### MATERIAL SUPPLIED

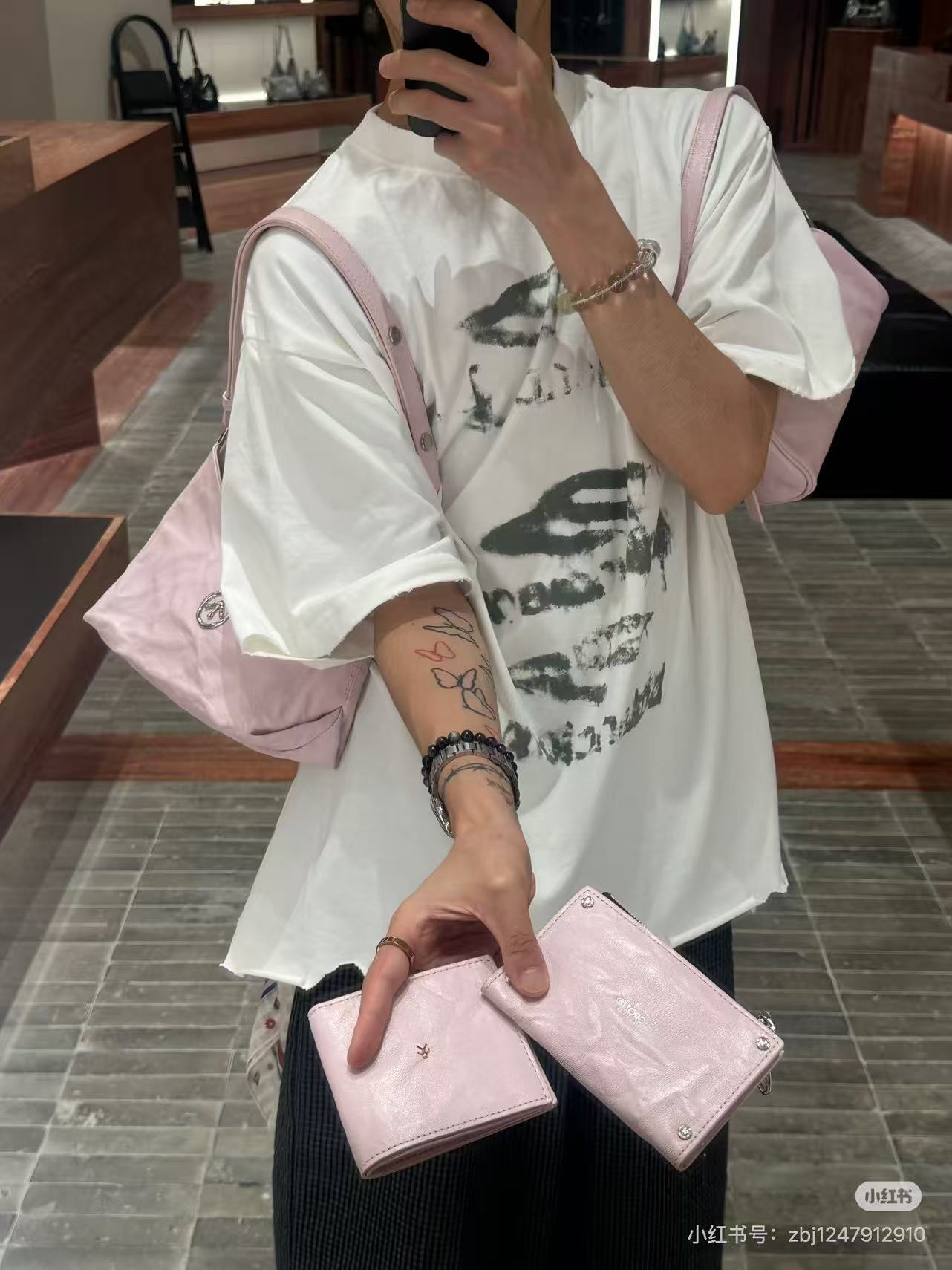 Balenciaga 25SS New Destroyed Graffiti Short Sleeve T-Shirt Style 1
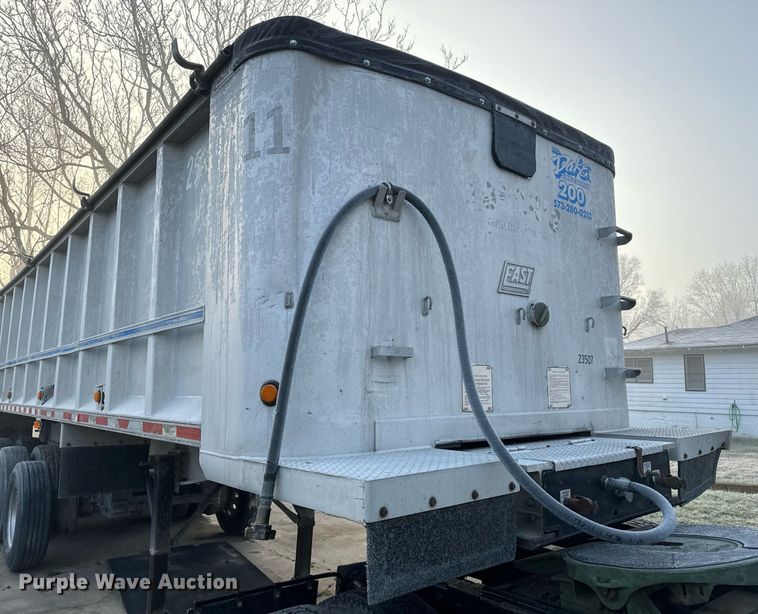 image for item NM9209 1998 East end dump trailer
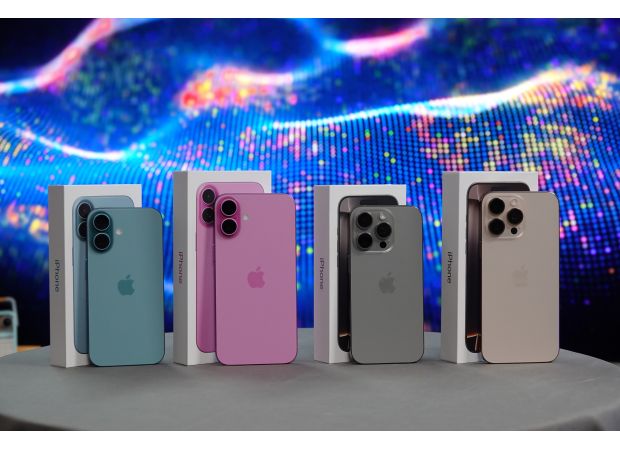 Upgrade to the new Apple iPhone 16 for a worthwhile experience, but the best feature may not be available just yet.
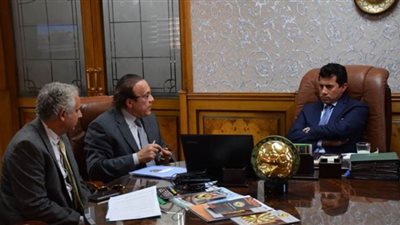 وزير الرياضة يلتقي رئيس الاتحاد المصري للدارتس لبحث استضافة كأس العالم ٢٠٢٥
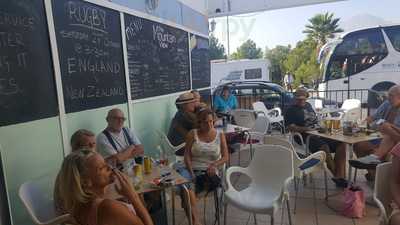 The Mountain View Family Cafe Bar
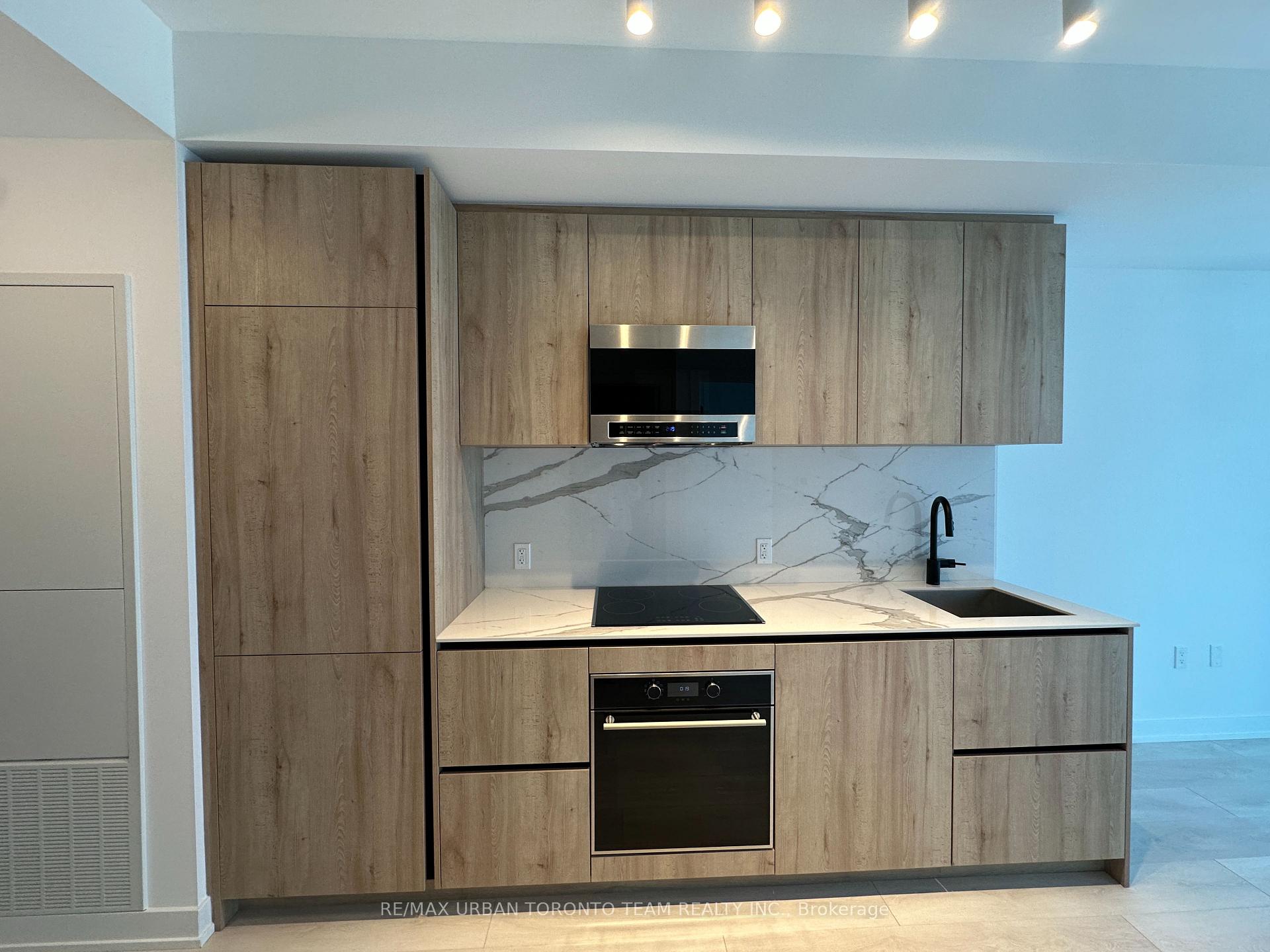 Photo 4 of Unit 3304, 127 Broadway Avenue, Toronto, Mount Pleasant West — HOMEH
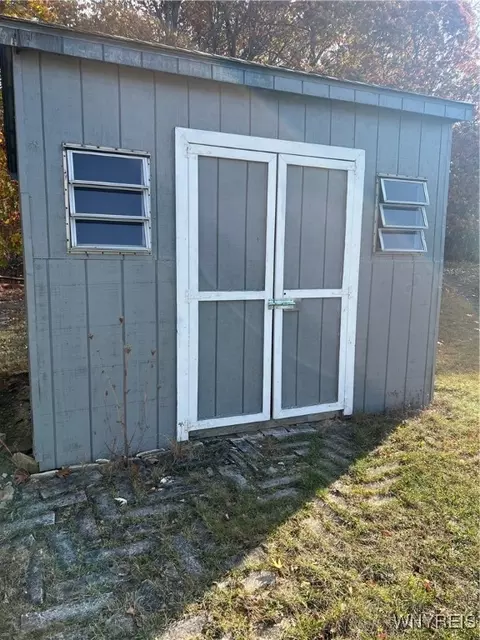 68 S Eaglecrest Dr, Hamburg, NY 14075 photo 13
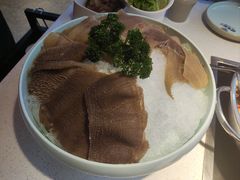 -超级鲜•胡毛肚火锅(扬帆店)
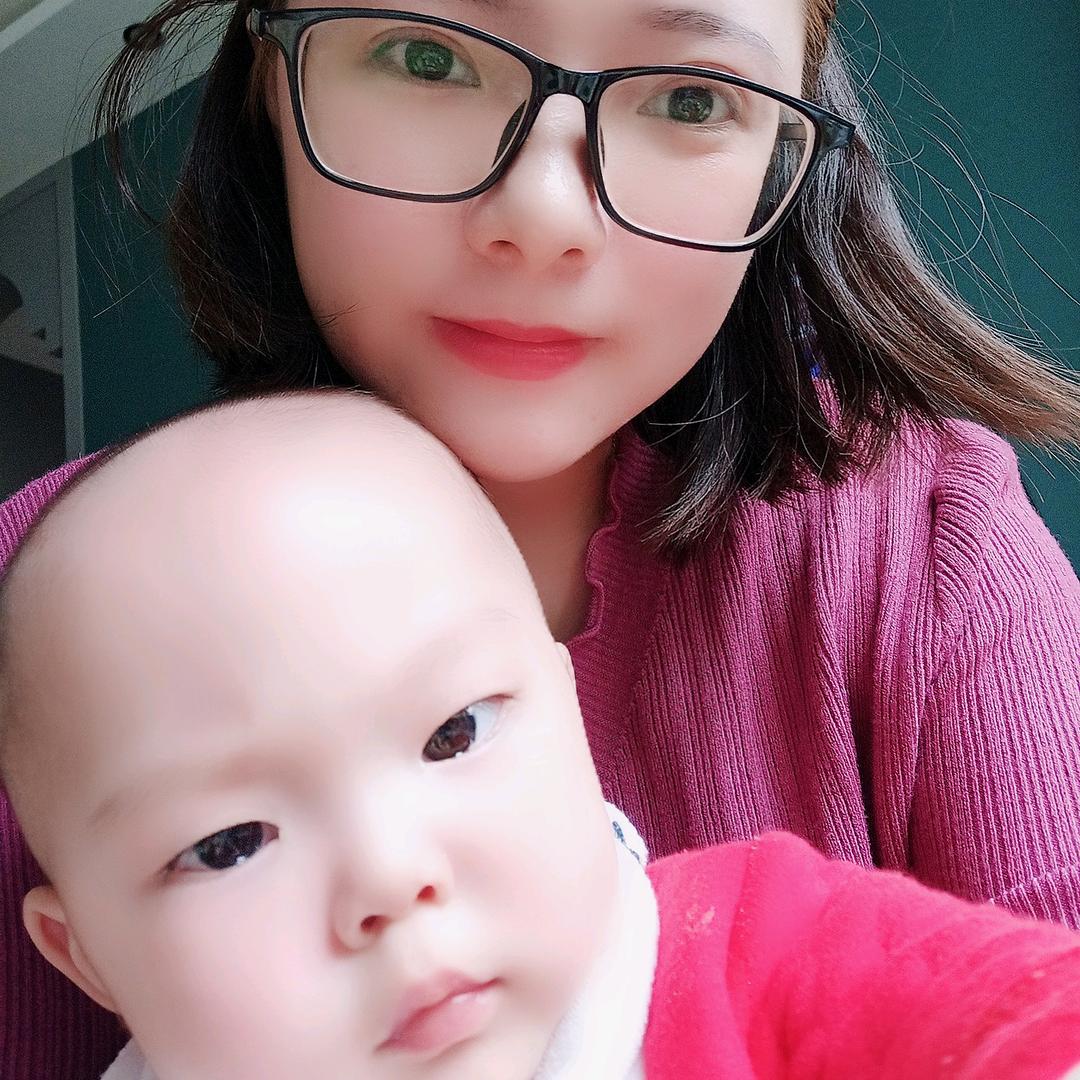 带孩子的小姐姐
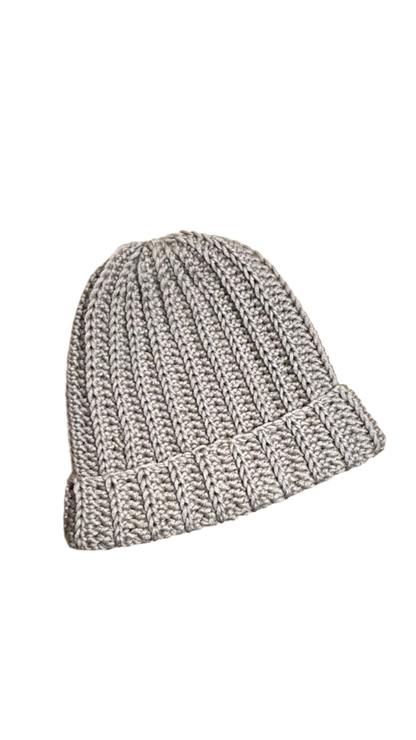 Beige handmade crochet winter hat made with lana merino 100% 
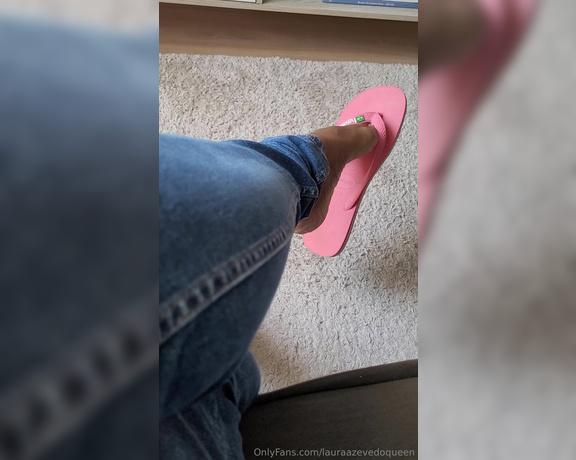 Laura Azevedo aka lauraazevedoqueen Foot Fetish - 09-13-2023 OnlyFans Video - Dangling with my new Havaianas Guess their size Thats right, 4748 Brazilian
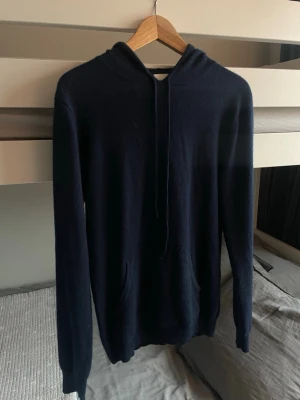 Kashmir hoodie - Skit snygg Kashmir hoodie från John Henric. Endast använd en gång så skick 9/10. PRIS KAN DISKUTERAS 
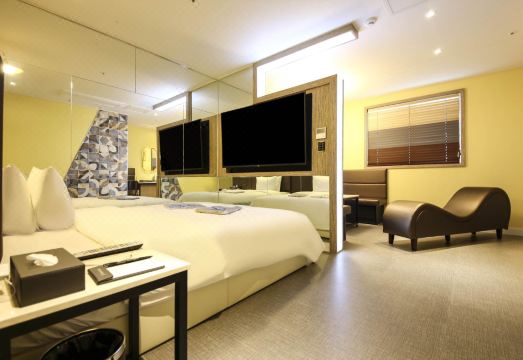 청양 샾무인텔 드라이브인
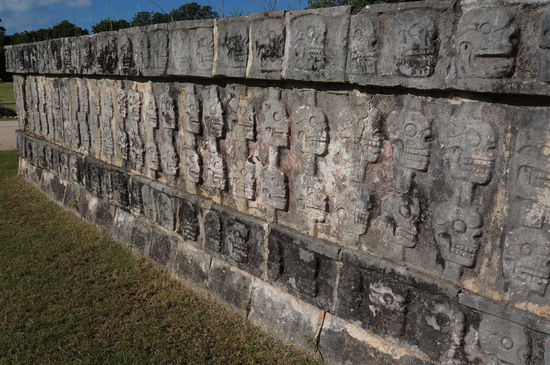 Totenköpfe, die besiegte Krieger darstellen, um die Macht von Chichen Itza zu demonstrieren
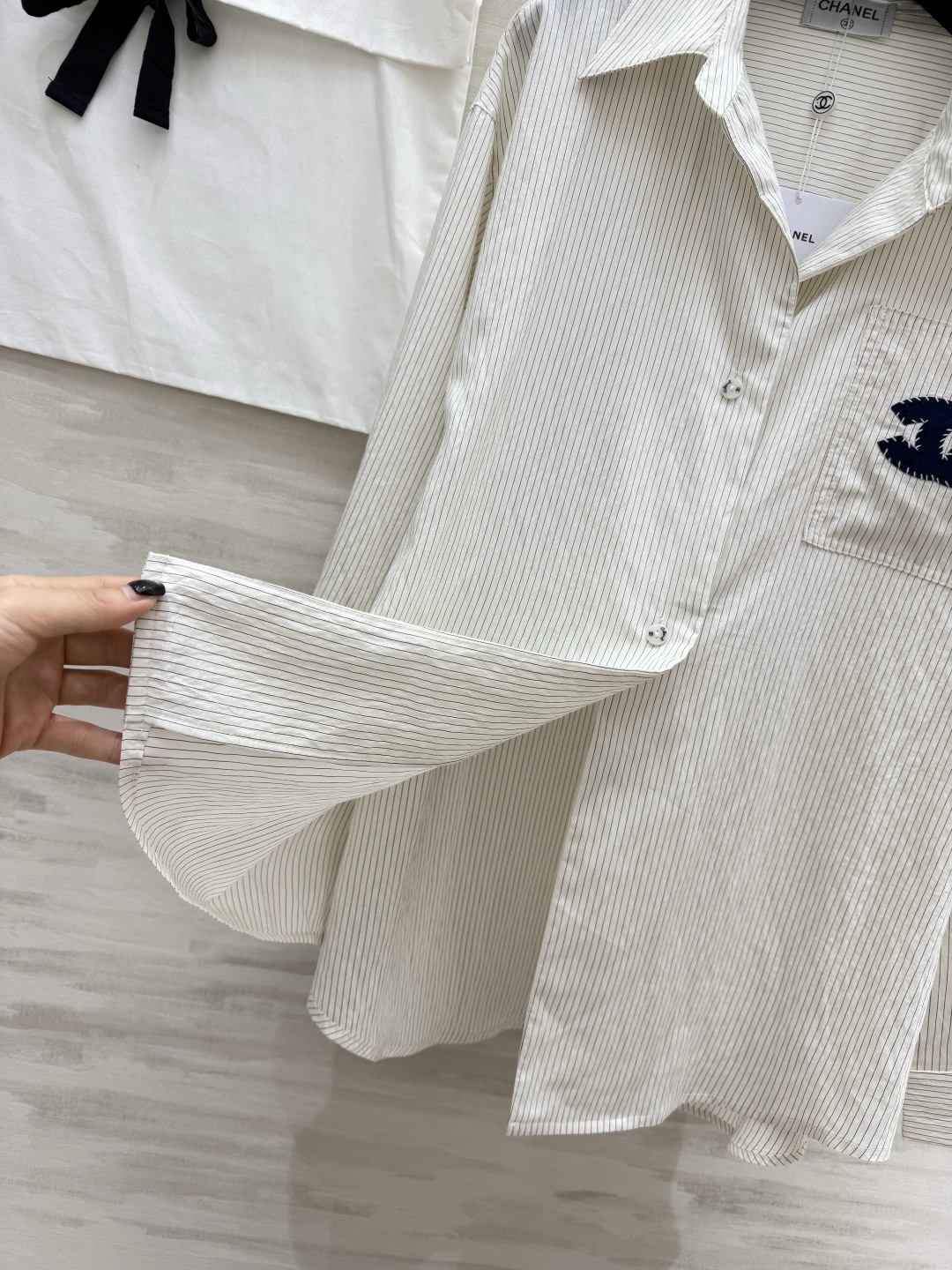 #Chane♡²⁶ss条纹衬衫｜把法式松弛感焊在身上 经典双C刺绣口袋 利落翻领 米白/浅蓝两色 都是不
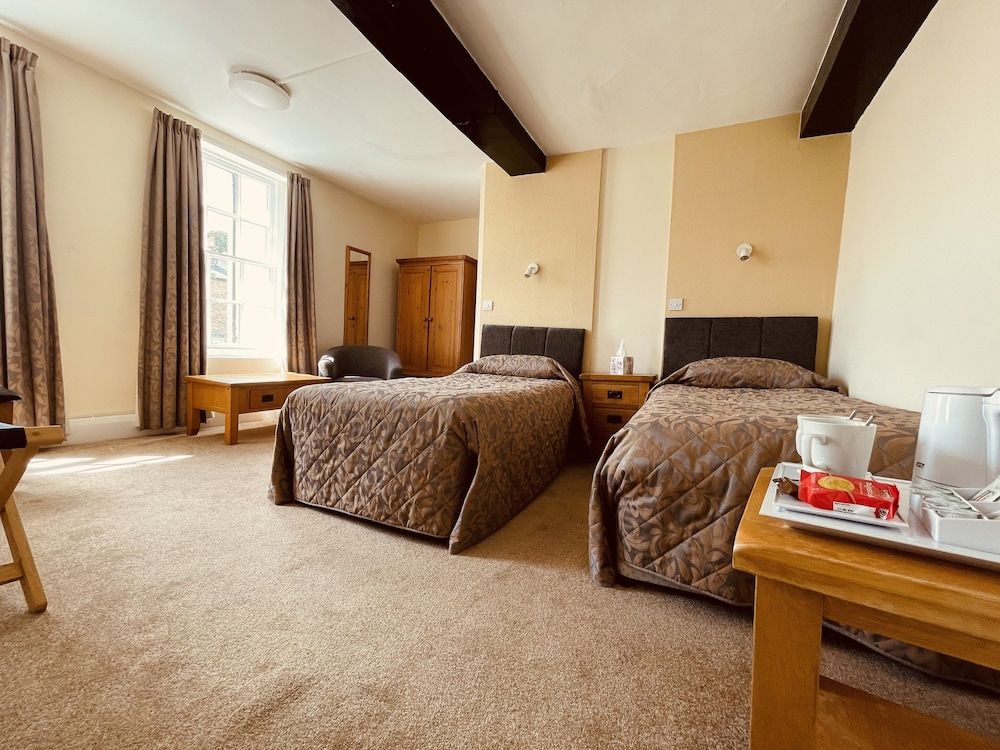 Cain Valley Hotel Single Room, Ensuite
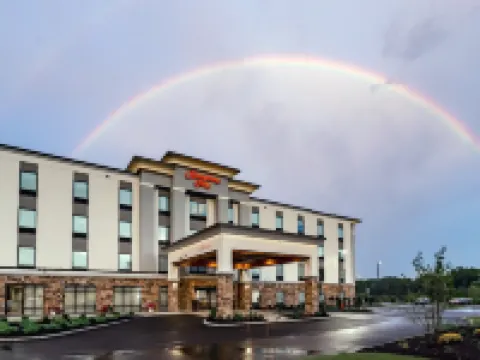 Hampton Inn Madison Hotels in Lake County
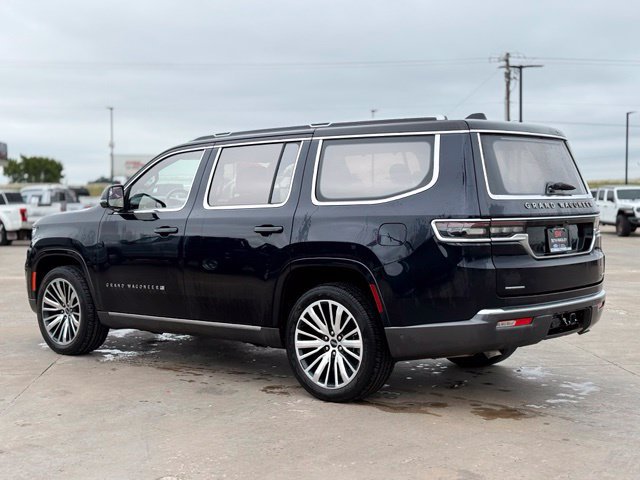 Used 2022 Jeep Grand Wagoneer Series III w/ Rear Seat Video Group 1 AWD/4WD image 4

######

• _ACTIVITY_: From the records above, copy exactly the stretch from the line holding "Beige handmade crochet" through the line holding "청양 샾무인텔 드라이브인", both ends included, without the pictures.

• _ANSWER SPACE_:
 Beige handmade crochet winter hat made with lana merino 100% 
 Laura Azevedo aka lauraazevedoqueen Foot Fetish - 09-13-2023 OnlyFans Video - Dangling with my new Havaianas Guess their size Thats right, 4748 Brazilian
 Kashmir hoodie - Skit snygg Kashmir hoodie från John Henric. Endast använd en gång så skick 9/10. PRIS KAN DISKUTERAS 
 청양 샾무인텔 드라이브인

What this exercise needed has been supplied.